If you have a premium 2bdr unit, say a 2bdr at KCP, and want to exchange that for a 2bdr at the Grand Luxxe in Mexico, you incur a 299 *additional* exchange fee because the Grand Luxxe is considered a luxury upgrade (i.e., not a unit size upgrade) and therefore subject to the higher exchange fee.

Additionally, once you confirm your exchange, dont even think about getting a new accommodation without paying an additionally exchange fee.

In other words, RCI platinum seems to have better perks in this sense, as it is my understanding that RCI platinum members do not get charged  an additional exchange fee if a more luxurious upgrade becomes available after the exchange is confirmed.


----------



## presley (May 17, 2016)

It has been my experience that if I deposit a 1 bedroom and I get a match for a 2 bedroom, they don't charge an upgrade fee. So, I see where their wording came from.
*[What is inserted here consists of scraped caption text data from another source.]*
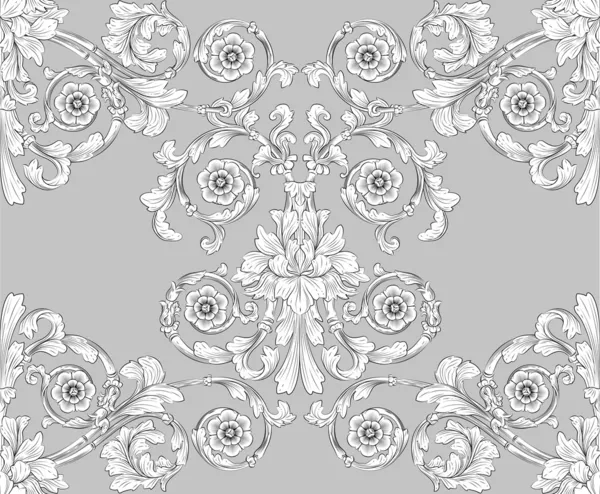 Seamless tiling floral wallpaper pattern — Stock Vector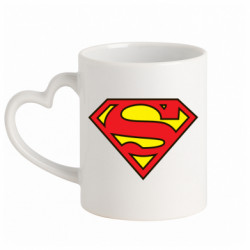 Кружки с ручкой в виде сердца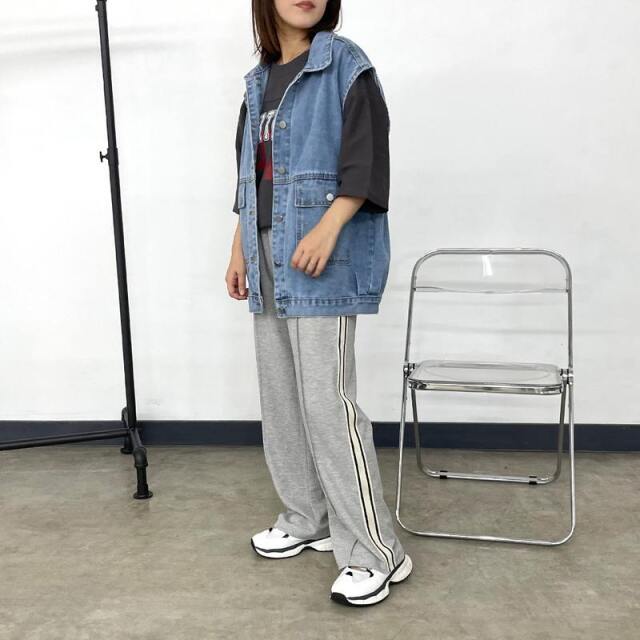 デニムビッグベスト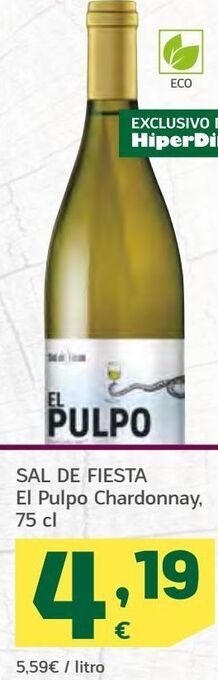 HiperDino Vino blanco oferta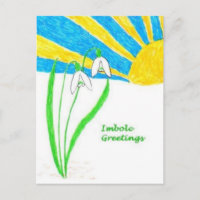 Imbolc Greetings Postcard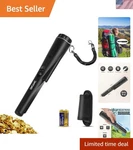 High Sensitivity Waterproof Metal Pinpointer Wand - Ideal For Treasure Hunters. Fixed Price $33.99.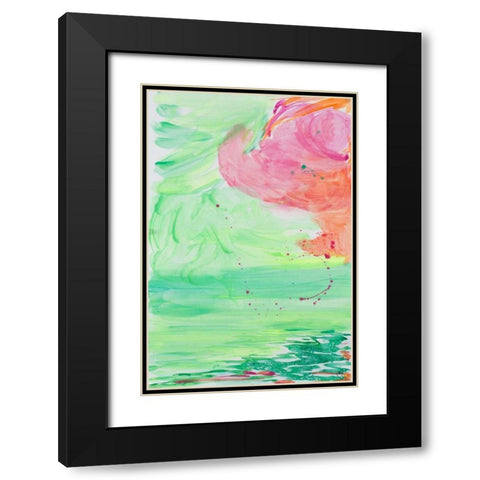 Contempo II Black Modern Wood Framed Art Print with Double Matting by Papa, Kat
I do understand your point, too. They will probably change their wording now that this has been brought to their attention.


----------



## tschwa2 (May 17, 2016)

dominidude said:


> In other words, RCI platinum seems to have better perks in this sense, as it is my understanding that RCI platinum members do not get charged  an additional exchange fee if a more luxurious upgrade becomes available after the exchange is confirmed.
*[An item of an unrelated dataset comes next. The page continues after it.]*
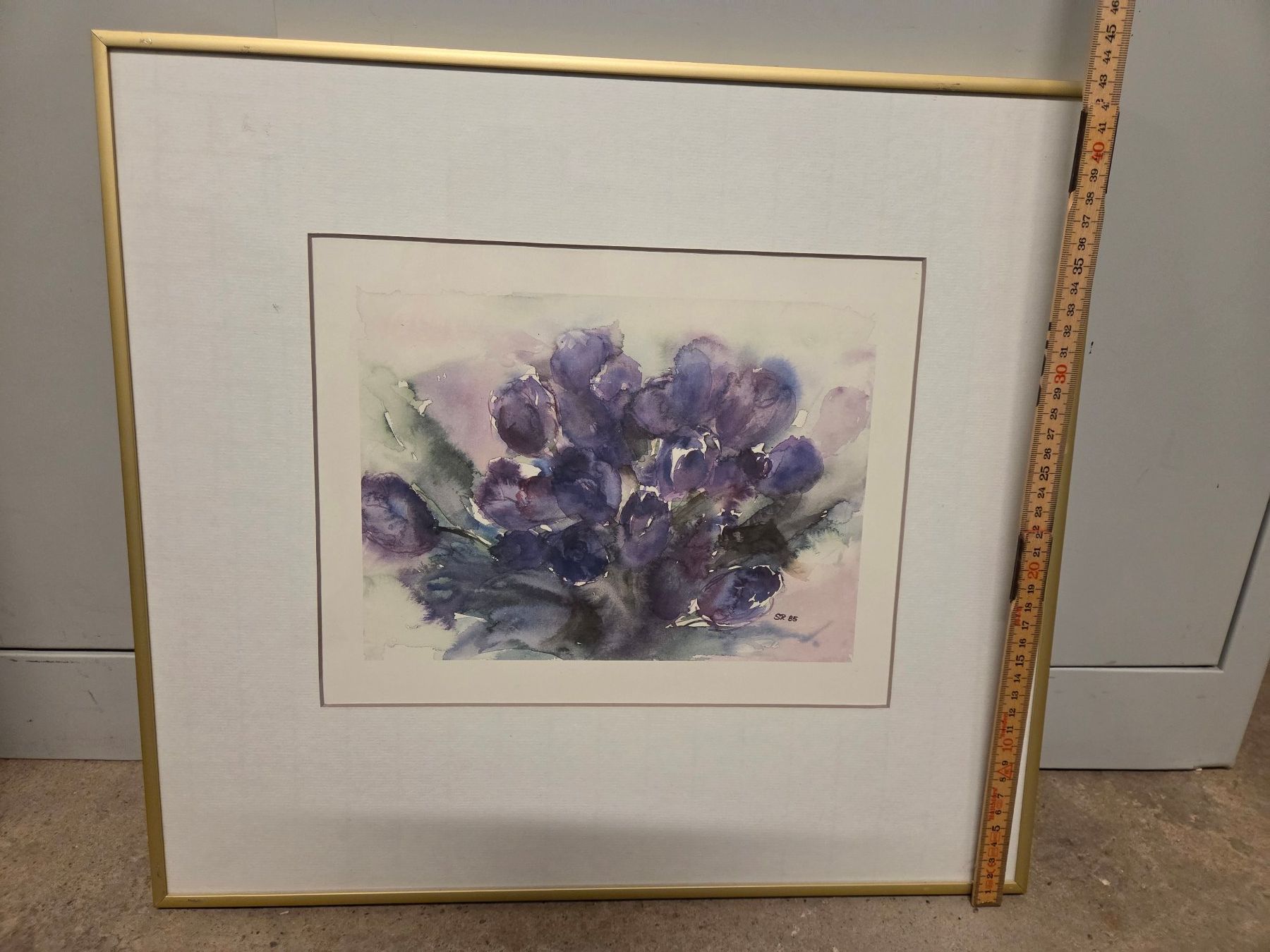 Gemälde: Aquarellbild "Tulpen" – Gebraucht aus St. Gallen von Razoon77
RCI platinum upgrades are only applicable 14 days or less and only if the upgrade happens to available during the one time of day the system checks or if it happens to be available 14 days or less and you are on the phone with an agent who happens to know how to do the upgrade without charging you for them.


----------



## buzglyd (May 17, 2016)

Grand Luxxe is a residence club and that fee is spelled out on SFX site.


----------



## rickandcindy23 (May 17, 2016)

I was more than willing to pay the fee for our daughter' trip.  Her hubby and kids are over-the-top excited to go at the end of the month.
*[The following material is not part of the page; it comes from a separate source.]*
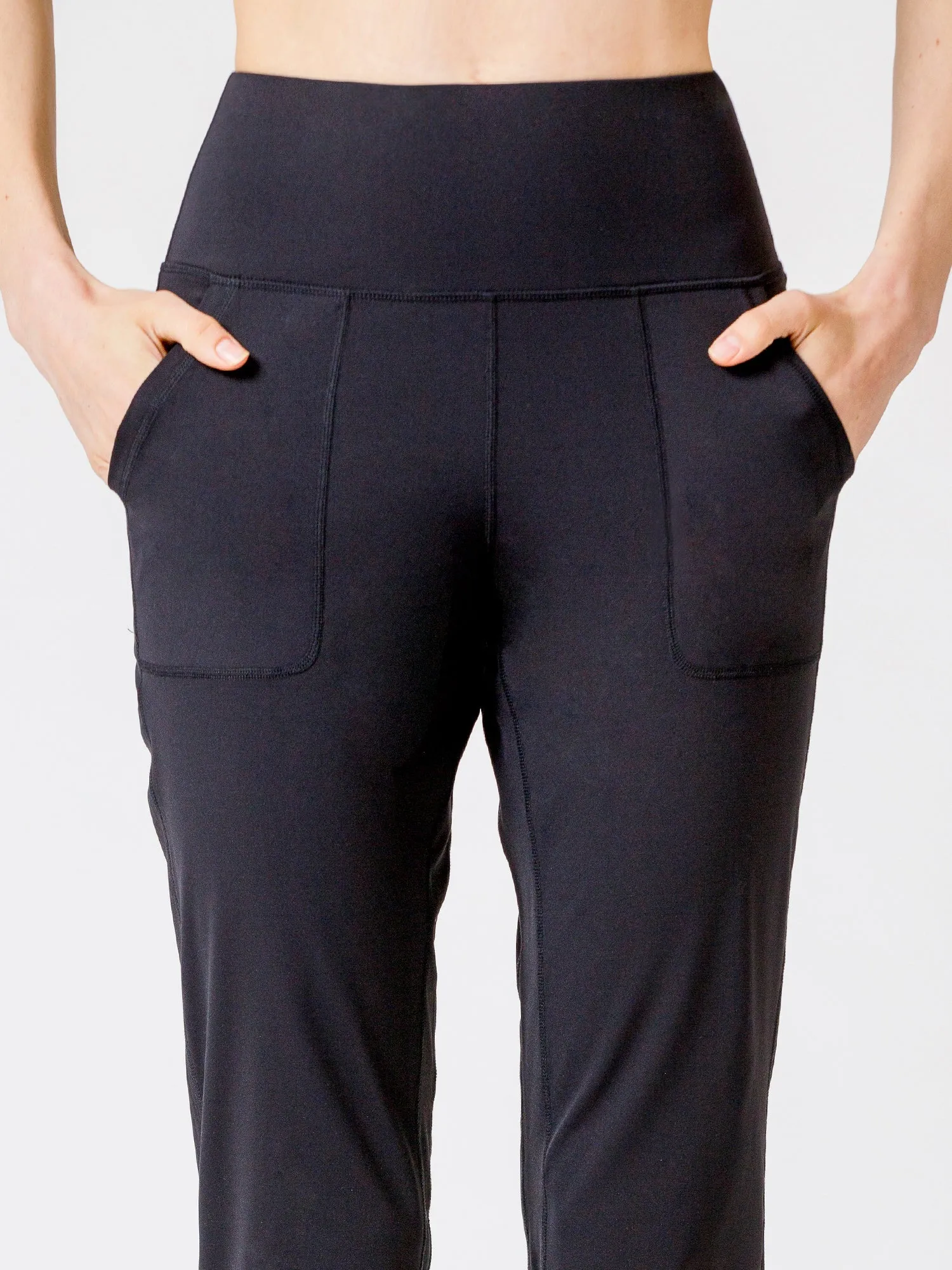 EVERYDAY HIGH WAIST JOGGER, BLACK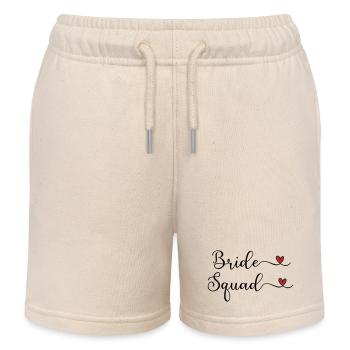 Bride Squad niedlich, handgeschrieben Typografie mit Hea - Kinder Organic Joggingshorts Mini Bolter von Stanley/Stella - Natur - Vorne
Since I got the SFX exchange, though, I have seen a few on II.


----------



## bobpark56 (May 17, 2016)

*No extra fees with I.I.*



buzglyd said:


> Grand Luxxe is a residence club and that fee is spelled out on SFX site.



We have twice traded into Grand Luxxe Riviera Maya via Interval International with no added fees. So SFX does seem to be deficient here.


----------



## JuliGee (May 24, 2016)

Grand Luxxe is a private residence club. We have stayed twice using sfx, once at Riviera Maya, and the one in Nuevo which is our favorite. We traded our two bedroom unit Marriott Newport Coast in California and gladly paid the upgrade fee. We didn't complain about it because it was a huge upgrade from what we deposited. Was the unit you deposited equal for trading power to a Grand Luxxe? Or were you trying to get something of far greater value than what you deposited?? 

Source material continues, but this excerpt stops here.